Opinion

Jeu interdit

Jouer, ce n’est pas pour vrai, mais c’est sérieux en pas-pour-rire.

Pouvoir jouer est un droit inaliénable inscrit dans les chartes universelles de protection de l’enfance.

En zone de conflit, un enfant qui bénéficie d’un espace de jeu, aussi misérable soit-il, va assurer sa survie en rejouant ses traumatismes récents et en rêvant d’une aire de liberté à venir. Dans sa famille nouvellement éclatée, un enfant se fabrique une construction en Lego pour éprouver sa perte et désormais décider, lui et lui seul, de l’heure à laquelle il va démolir son habitation.

Être le meneur, non plus la victime impuissante, c’est là le plan moteur.

Mais savoir jouer n’est pas un talent partagé par tout le monde. Des bébés, des enfants, ne supportent pas de jouer. Ils ont un trouble développemental. Leur famille n’est pas suffisamment apaisante pour qu’ils trouvent à s'amuser. Ils sont trop vite occupés à faire des mathématiques. Ou encore, leurs parents les privent de peur qu’ils se fassent mal, se salissent, ou se fassent agresser.

Entravés dans leurs désirs, ces petits carencés se font robotiques. Leur platitude naît du fait qu’ils n’ont jamais eu le plaisir de s’ennuyer. Ils sont vite frustrés, paniquent en jouant à la cachette, se détournent des marionnettes, ne nous surprennent jamais.

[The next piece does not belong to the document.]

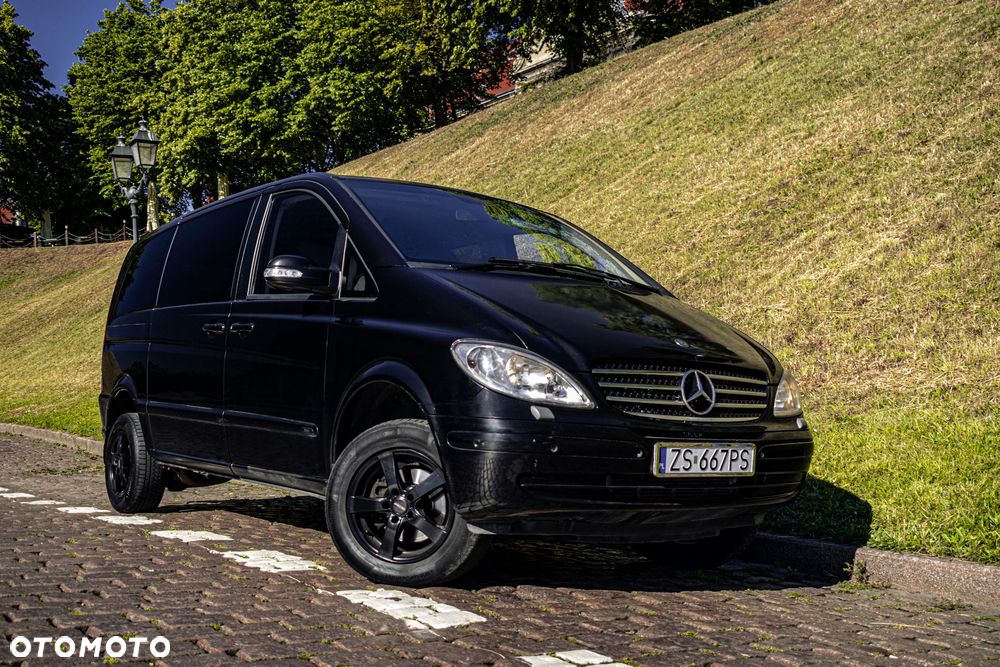 Mercedes-Benz Viano - 9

Quand ils perdent une partie, ils sont convaincus d’avoir perdu toutes les suivantes.

Adultes, ils deviennent des morts-vivants.

« J’aime beaucoup regarder les enfants jouer, écrivait Pierre Daninos, dommage qu’il faille aussi les entendre. »

L’arche de Noé

En zone inondée, l’adulte qui a appris à jouer fait preuve de persévérance. Il souffre, il tempête, mais il ne désespère pas devant l’eau qui monte, car il s’attelle à la tâche, à sa digue, à ses sacs de sable, à ses pompes. Sauver sa maisonnée. Sa maîtrise est belle à voir, toute sa vie, il s’est exercé à perdre et à gagner, à prendre plaisir avec l’inexistant… en attendant de forcer la ligne de 100 ans.

On ne peut pas en dire autant de son voisin concentré sur son portable à feindre un appel important tandis que les secours publics tentent de protéger ses fondations de la marée montante. « Take a kayak », lui crie un pompier, pas chaud à l’idée d’épauler un mauvais perdant, en manque de corps et de pensée.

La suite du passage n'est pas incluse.